Alert Silencing

Checkstack lets operators silence notifications for systems that already have a known disruption so on-call channels are not flooded with redundant alerts. The mechanism is intentionally narrow - a boolean column on each incident or maintenance record, consulted by a fixed set of dispatch paths.

The contract

Setting suppressNotifications = true on an active incident or maintenance silences notifications dispatched from the read sites listed below for systems associated with that incident or maintenance.

Incidents are “active” when status != "resolved". Any of investigating, identified, fixing, or monitoring qualifies. Schema: core/incident-backend/src/schema.ts.
Maintenances are “active” when status == "in_progress". Schedules in scheduled or completed do not silence. Schema: core/maintenance-backend/src/schema.ts.

The check is one query per record type per dispatch attempt; cost is constant per affected system.

Write path

Two editor surfaces toggle the flag:

IncidentEditor (frontend) → createIncident / updateIncident on the incident-common contract.
MaintenanceEditor (frontend) → createMaintenance / updateMaintenance on the maintenance-common contract.

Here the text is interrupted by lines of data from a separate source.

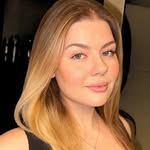 Nurse Danielle Nagy | Guelph Injector, Trainer, Skin Specialist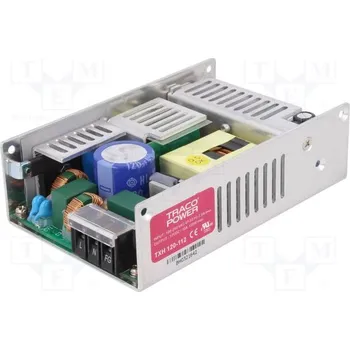 spínaný zdroj TRACO POWER TXH120-112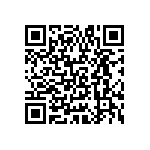 ABM7-20-000MHZ-D2Y-T QRCode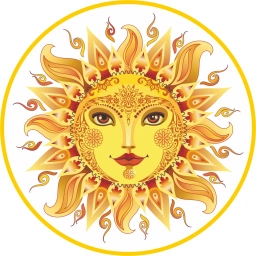 Аватар канала «Наше Лукоморье»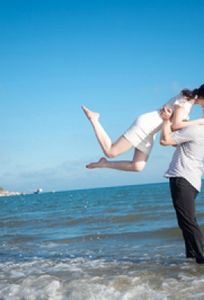 Kỷ Nguyên Travel chuyên Trăng mật tại Thành phố Hồ Chí Minh - Marry.vn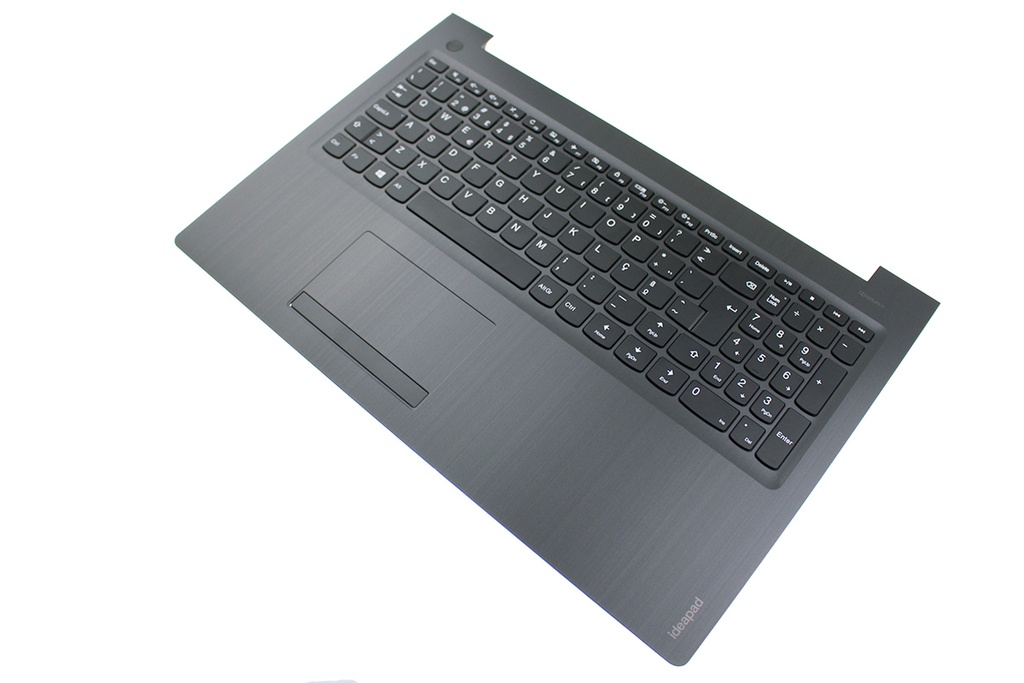 5CB0M29182V2 - 1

Both surface the boolean as a labelled “Suppress notifications” toggle. No other path mutates the column.

Read sites (silenced)

Two dispatch loops consult the silencing flag before sending:

Healthcheck queue executor - core/healthcheck-backend/src/queue-executor.ts. On every health-state transition for a system, the executor calls maintenanceClient.hasActiveMaintenanceWithSuppression({ systemId }) first, then incidentClient.hasActiveIncidentWithSuppression({ systemId }). If either returns suppressed: true, the executor logs a debug line and returns without firing the notification.
Dependency notifications - core/dependency-backend/src/notifications.ts. When an upstream system state change would cascade alerts to downstream dependents, the dispatcher checks the upstream’s maintenance and incident suppression. If the upstream is silenced, the cascade is skipped for all downstreams in that batch.

If the suppression check itself errors (network blip, etc.), both sites log a warning and proceed with the notification - silencing is a best-effort filter, not a hard gate that can swallow alerts when the lookup fails.

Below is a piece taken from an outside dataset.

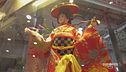 Il Japan Show di Cremona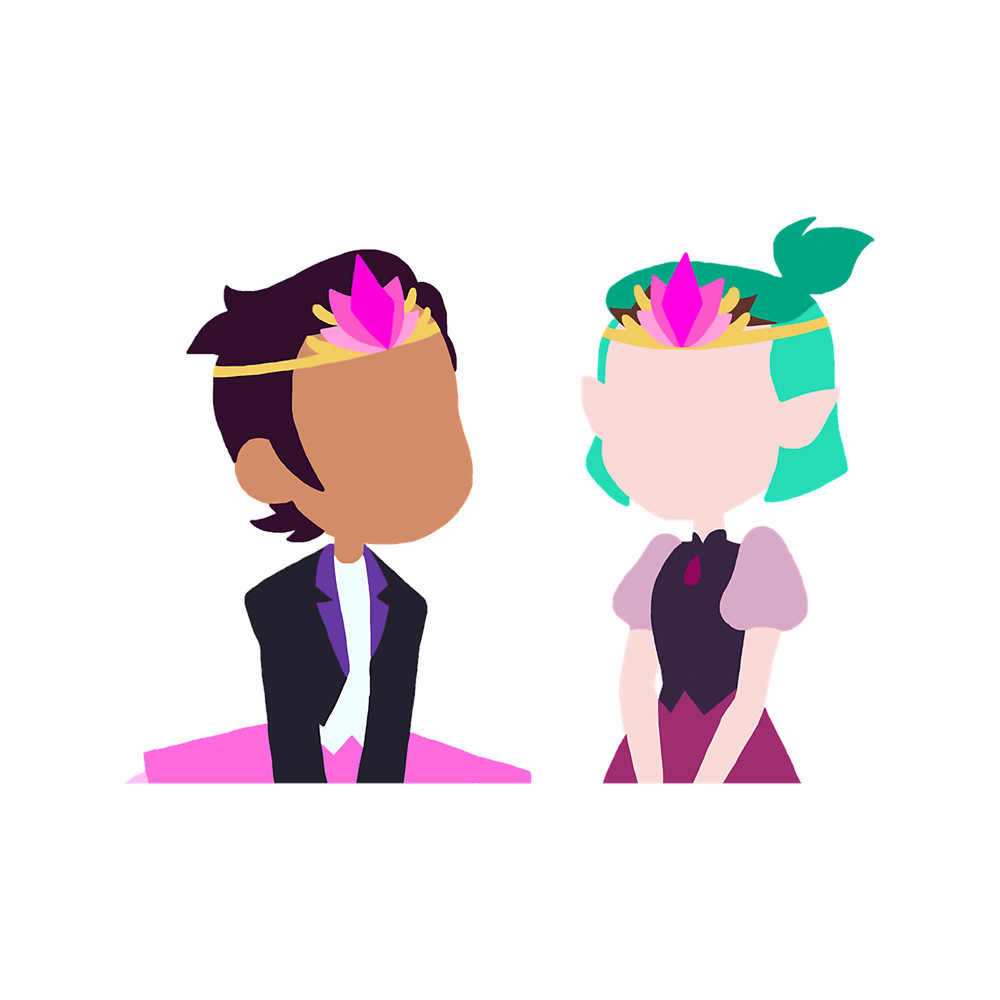 Minimalist lumity.png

What silencing does NOT cover

Silencing is read-path filtering: it only applies where a dispatcher explicitly calls hasActiveIncidentWithSuppression() or hasActiveMaintenanceWithSuppression(). The following dispatch paths bypass it by design:

Direct notification dispatch from other plugins that call notificationClient.notifyForSubscription(...) (or the underlying router) without first consulting the silencing check. Plugin authors that want their dispatches to honour silencing must call the maintenance and incident S2S endpoints themselves.
Incident lifecycle notifications about the incident itself - created, status-changed, resolved updates dispatched by incident-backend are intentionally always sent. Silencing only suppresses the health-state and dependency-cascade noise that an already-reported incident would create; it does not silence the incident’s own update timeline.
Manual or ad-hoc notifications triggered outside the healthcheck and dependency-notification loops (operator-initiated messages, integration webhooks, etc.).

If you create a silencing record and expect a particular channel to fall silent but it keeps firing, the dispatcher for that channel almost certainly does not consult the silencing check. File an issue with the dispatch site and we can extend coverage.

Operational notes

Silencing is active-only. Resolving an incident (status = "resolved") or ending a maintenance window (transitioning out of in_progress) removes the filter immediately - the next dispatch attempt sees the record as inactive and notifications resume without any extra action.

There is no scheduled silencing - you cannot pre-arm a silencing window for a future incident. Maintenances do double as scheduling primitives, but silencing only kicks in once the maintenance is in_progress.

Silencing is per-system. An incident or maintenance attached to multiple systems silences each of those systems independently. A system not associated with an active silenced record is unaffected, even if a sibling system on the same dependency graph is silenced.